DIRECTIONS:
Take the entries below and print, exactly, the stretch from the line containing "Need for Speed Rivals for Xbox One - NO CASE" through the line containing "DODGE DART SE", both included.

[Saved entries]
::::::::::
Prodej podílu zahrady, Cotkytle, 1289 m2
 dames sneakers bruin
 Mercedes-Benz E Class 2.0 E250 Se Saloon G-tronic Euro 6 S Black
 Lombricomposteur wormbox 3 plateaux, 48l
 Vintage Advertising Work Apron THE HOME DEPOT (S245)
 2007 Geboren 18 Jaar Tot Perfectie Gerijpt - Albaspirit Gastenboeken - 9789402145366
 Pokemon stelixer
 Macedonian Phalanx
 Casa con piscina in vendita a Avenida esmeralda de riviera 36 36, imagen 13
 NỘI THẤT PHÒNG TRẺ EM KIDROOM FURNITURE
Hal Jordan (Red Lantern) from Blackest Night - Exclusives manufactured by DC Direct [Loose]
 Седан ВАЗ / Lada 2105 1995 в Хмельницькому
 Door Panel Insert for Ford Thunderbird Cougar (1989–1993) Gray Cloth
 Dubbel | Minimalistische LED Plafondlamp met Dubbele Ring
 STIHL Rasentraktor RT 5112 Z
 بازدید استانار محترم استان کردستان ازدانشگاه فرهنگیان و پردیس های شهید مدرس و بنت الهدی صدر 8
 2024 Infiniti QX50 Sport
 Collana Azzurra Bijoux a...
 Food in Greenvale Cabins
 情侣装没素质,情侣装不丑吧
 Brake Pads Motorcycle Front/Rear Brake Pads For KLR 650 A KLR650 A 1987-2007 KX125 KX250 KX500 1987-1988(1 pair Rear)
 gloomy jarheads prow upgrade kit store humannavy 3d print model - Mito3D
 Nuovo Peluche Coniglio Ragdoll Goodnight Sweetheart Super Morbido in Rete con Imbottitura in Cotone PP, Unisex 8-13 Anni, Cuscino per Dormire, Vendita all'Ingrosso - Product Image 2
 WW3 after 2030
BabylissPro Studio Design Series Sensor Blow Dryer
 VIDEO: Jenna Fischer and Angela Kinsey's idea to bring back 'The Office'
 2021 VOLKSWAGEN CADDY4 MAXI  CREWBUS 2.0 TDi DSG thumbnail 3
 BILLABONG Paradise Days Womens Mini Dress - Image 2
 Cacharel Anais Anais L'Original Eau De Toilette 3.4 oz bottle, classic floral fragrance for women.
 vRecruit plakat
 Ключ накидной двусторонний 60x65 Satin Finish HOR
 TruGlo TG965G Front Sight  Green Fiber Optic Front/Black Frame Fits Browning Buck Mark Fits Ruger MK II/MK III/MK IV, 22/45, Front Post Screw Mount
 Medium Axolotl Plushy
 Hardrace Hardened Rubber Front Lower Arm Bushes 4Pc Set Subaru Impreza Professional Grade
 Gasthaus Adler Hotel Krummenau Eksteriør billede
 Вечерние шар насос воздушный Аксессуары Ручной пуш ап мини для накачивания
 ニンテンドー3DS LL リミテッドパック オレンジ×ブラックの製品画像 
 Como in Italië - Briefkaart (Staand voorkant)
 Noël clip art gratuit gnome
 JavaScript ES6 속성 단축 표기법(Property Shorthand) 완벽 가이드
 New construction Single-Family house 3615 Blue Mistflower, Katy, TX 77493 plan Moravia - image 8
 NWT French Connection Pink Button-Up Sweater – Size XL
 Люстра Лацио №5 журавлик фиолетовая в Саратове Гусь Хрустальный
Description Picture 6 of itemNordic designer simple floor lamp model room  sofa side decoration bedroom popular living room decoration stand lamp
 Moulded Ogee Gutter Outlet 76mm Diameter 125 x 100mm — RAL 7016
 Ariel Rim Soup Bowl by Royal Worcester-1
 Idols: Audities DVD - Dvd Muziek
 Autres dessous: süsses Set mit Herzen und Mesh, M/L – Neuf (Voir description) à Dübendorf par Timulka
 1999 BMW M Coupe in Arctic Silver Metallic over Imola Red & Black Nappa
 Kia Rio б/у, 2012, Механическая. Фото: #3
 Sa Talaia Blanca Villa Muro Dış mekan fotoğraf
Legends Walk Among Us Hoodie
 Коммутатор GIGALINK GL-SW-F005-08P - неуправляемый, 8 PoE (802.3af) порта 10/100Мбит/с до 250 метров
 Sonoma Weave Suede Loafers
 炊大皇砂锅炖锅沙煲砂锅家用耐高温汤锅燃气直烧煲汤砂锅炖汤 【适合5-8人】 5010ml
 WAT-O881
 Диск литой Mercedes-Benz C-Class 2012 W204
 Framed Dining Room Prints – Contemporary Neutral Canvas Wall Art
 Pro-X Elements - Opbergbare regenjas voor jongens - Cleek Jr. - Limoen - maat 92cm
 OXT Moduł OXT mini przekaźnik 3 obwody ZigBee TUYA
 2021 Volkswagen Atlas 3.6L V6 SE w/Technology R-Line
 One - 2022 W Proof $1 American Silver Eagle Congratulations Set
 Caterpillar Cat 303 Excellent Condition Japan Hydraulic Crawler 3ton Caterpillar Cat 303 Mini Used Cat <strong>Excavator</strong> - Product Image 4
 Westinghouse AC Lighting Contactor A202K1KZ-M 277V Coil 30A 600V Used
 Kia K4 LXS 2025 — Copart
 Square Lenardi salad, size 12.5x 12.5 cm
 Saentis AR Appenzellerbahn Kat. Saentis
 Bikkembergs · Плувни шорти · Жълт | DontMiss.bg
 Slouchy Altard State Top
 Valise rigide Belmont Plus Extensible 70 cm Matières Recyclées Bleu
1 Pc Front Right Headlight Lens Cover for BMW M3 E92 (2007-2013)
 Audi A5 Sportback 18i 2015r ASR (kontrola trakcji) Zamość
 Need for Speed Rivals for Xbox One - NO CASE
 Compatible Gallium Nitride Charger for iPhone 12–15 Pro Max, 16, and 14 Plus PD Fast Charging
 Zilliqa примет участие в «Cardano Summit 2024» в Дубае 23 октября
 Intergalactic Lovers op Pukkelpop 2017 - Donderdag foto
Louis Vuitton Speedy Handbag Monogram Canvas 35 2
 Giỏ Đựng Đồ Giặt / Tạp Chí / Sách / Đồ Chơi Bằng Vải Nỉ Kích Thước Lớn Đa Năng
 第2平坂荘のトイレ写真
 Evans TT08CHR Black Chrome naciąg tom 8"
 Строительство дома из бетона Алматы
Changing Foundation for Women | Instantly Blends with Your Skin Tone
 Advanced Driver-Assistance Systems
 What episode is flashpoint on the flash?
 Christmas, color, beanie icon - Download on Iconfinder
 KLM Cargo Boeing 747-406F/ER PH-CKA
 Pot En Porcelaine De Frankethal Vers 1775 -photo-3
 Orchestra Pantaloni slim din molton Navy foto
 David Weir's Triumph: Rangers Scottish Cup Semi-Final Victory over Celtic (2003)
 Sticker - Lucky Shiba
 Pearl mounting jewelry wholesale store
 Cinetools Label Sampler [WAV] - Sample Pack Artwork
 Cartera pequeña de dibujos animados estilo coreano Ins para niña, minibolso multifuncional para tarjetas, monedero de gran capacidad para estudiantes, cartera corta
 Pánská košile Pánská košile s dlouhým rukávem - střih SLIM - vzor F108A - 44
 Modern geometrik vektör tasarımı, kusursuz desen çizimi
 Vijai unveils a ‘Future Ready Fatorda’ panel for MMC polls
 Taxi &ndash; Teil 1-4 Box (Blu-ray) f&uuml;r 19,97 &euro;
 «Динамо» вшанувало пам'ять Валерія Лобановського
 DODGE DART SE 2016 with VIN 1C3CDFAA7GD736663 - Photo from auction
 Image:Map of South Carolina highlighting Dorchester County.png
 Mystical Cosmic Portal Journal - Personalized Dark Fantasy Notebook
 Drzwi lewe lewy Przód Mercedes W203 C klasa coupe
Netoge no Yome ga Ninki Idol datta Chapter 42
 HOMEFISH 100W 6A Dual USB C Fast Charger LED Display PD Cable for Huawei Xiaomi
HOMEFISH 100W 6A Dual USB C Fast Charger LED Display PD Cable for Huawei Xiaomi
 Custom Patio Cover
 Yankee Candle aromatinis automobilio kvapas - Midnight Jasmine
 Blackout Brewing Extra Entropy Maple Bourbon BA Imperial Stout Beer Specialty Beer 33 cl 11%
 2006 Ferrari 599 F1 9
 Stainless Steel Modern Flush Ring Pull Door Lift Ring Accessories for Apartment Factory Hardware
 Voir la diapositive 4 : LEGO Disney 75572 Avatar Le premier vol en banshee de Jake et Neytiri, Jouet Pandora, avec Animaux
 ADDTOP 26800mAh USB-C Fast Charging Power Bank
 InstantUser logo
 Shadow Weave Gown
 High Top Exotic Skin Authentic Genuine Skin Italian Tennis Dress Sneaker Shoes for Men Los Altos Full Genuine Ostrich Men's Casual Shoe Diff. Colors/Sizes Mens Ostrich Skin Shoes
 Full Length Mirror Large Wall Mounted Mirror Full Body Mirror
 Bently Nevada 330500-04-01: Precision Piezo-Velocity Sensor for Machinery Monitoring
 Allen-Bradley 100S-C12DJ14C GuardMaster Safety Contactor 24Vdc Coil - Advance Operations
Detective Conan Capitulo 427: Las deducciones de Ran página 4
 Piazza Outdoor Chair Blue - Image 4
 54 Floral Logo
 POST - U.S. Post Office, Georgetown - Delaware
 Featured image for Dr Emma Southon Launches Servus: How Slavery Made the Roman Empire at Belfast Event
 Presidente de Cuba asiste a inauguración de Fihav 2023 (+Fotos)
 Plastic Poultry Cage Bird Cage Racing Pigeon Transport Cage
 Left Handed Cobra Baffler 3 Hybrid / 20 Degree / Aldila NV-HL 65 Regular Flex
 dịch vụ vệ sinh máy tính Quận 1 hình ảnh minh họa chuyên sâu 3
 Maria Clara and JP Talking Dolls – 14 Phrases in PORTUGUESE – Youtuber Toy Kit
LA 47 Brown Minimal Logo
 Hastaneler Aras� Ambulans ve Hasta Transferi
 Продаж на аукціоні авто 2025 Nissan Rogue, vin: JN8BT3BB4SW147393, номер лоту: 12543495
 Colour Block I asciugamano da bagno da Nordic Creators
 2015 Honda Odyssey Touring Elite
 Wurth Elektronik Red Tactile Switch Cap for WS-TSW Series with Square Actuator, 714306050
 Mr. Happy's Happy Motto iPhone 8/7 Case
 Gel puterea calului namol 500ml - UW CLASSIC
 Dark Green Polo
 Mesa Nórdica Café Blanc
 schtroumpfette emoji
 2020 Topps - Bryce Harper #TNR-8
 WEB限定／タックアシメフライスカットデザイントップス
::::::::::
SOLUTION FOR THIS TASK:
 Need for Speed Rivals for Xbox One - NO CASE
 Compatible Gallium Nitride Charger for iPhone 12–15 Pro Max, 16, and 14 Plus PD Fast Charging
 Zilliqa примет участие в «Cardano Summit 2024» в Дубае 23 октября
 Intergalactic Lovers op Pukkelpop 2017 - Donderdag foto
Louis Vuitton Speedy Handbag Monogram Canvas 35 2
 Giỏ Đựng Đồ Giặt / Tạp Chí / Sách / Đồ Chơi Bằng Vải Nỉ Kích Thước Lớn Đa Năng
 第2平坂荘のトイレ写真
 Evans TT08CHR Black Chrome naciąg tom 8"
 Строительство дома из бетона Алматы
Changing Foundation for Women | Instantly Blends with Your Skin Tone
 Advanced Driver-Assistance Systems
 What episode is flashpoint on the flash?
 Christmas, color, beanie icon - Download on Iconfinder
 KLM Cargo Boeing 747-406F/ER PH-CKA
 Pot En Porcelaine De Frankethal Vers 1775 -photo-3
 Orchestra Pantaloni slim din molton Navy foto
 David Weir's Triumph: Rangers Scottish Cup Semi-Final Victory over Celtic (2003)
 Sticker - Lucky Shiba
 Pearl mounting jewelry wholesale store
 Cinetools Label Sampler [WAV] - Sample Pack Artwork
 Cartera pequeña de dibujos animados estilo coreano Ins para niña, minibolso multifuncional para tarjetas, monedero de gran capacidad para estudiantes, cartera corta
 Pánská košile Pánská košile s dlouhým rukávem - střih SLIM - vzor F108A - 44
 Modern geometrik vektör tasarımı, kusursuz desen çizimi
 Vijai unveils a ‘Future Ready Fatorda’ panel for MMC polls
 Taxi &ndash; Teil 1-4 Box (Blu-ray) f&uuml;r 19,97 &euro;
 «Динамо» вшанувало пам'ять Валерія Лобановського
 DODGE DART SE 2016 with VIN 1C3CDFAA7GD736663 - Photo from auction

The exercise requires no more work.